“Em Rio Tinto também se morre?” – frase interrogativa proferida por um gastrópode do café da esquina, local onde de vez em quando vou buscar uns caramelos de fruta para compensar o bom comportamento dos meus três leporídeos, levou-me a pensar que se morre em qualquer lado, em qualquer altura.
Qual, então, o motivo para o Cevadas, assim baptizado por ter uma dentadura castanha não pelo excesso de consumo de cevada, mas pelo uso industrial de cigarros permanentemente acendidos, salientar Rio Tinto? Terá a Morte apagado Rio Tinta das suas viagens? E se sim porquê? Terão os habitantes de Rio Tinto ganho a partida de poker à Morte? Será a povoação possuidora do elixir da juventude eterna?

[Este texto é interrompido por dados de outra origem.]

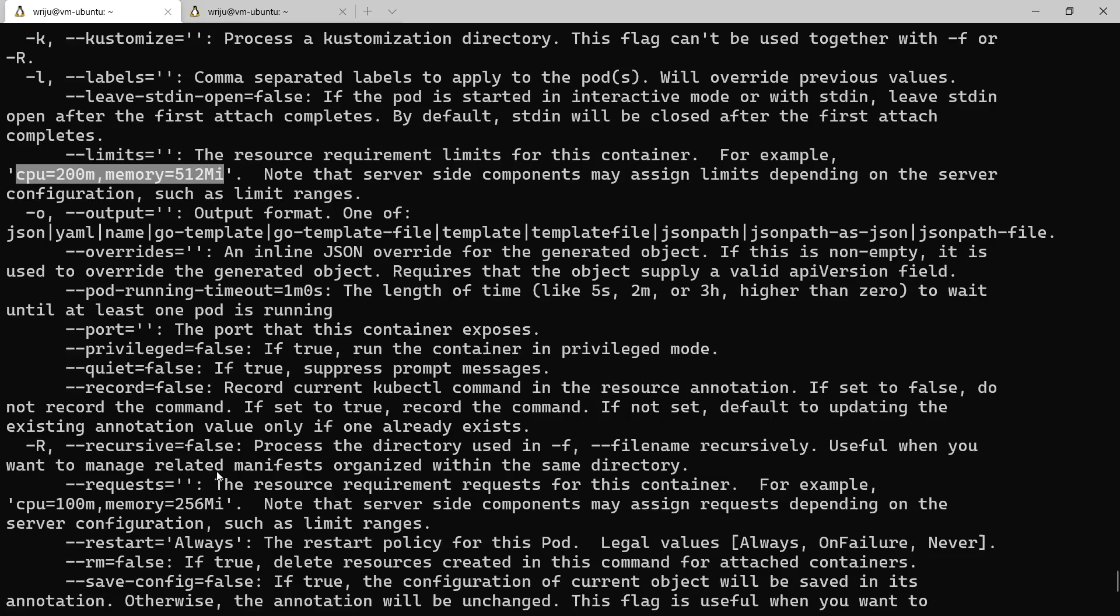If you define this limit it basically goes up to that level, but you might need to also specify what is the minimum requirement. That is what you define through requests. Requests is where you say what is the minimum CPU you need. If when a pod is getting created the node doesn't have that capacity available, it will not create the pod in that node. It will go and fetch another node which has got that capacity available. The request is like from and limit is to.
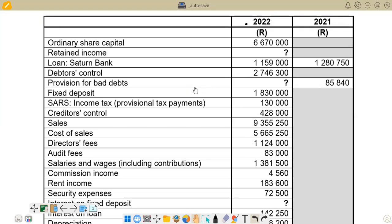Hello there. Welcome to Rounding the Talk. Today we want to look at a question paper of November 2022, whereby we want to look specifically at the calculation of the loan balance — the figure that we are going to put in the balance sheet or statement of financial position under long-term liabilities.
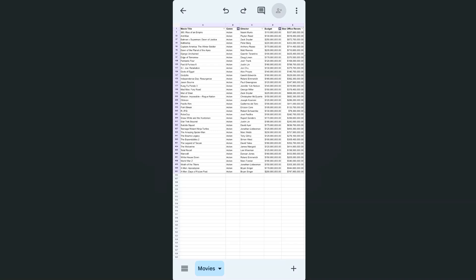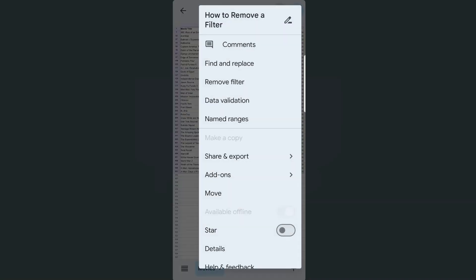So again, you'll see in my data, I have some filters applied on my genre and my budget columns. And if I'm going to remove that, all I have to do would be to tap on this ellipsis on the top right, then select remove filter just between the find and replace and the data validation.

A resposta revelou-se ser mais simples que a confecção do cozinho à portuguesa. Afinal, a frase, nem poderia ser designada de um enigma, antes um mal-entendido. “Em Rio Tinto também se morre!” tinha sida cuspida exclamativamente com orgulho. Prentendi ter ouvido um ? quando era um !. Convenhamos, um erro comum. E, assim, quando Cevadas se desloca em peregrinação a um funeral em Rio Tinto é motivo para encher o peito de soberba e comungar três dezenas de lambretas em sinal de religiosa harmonia com o defunto; se tiver falecido uma mulher Cevadas acompanha as lambretas com uma tigela de caracóis – sinto que de cada vez que separa o caracol da sua carapaça com a manobra de um simples palito está simbolicamente a picar a defunta no corpo; o caracol servirá de boneca de vodu numa versão gastronómica.
Perante isto, o que motiva Cevadas a festejar a morte em Rio Tinto com tamanha pompa e circunstância? A resposta a esta pergunta e a outras que possam surgir fica para outra altura.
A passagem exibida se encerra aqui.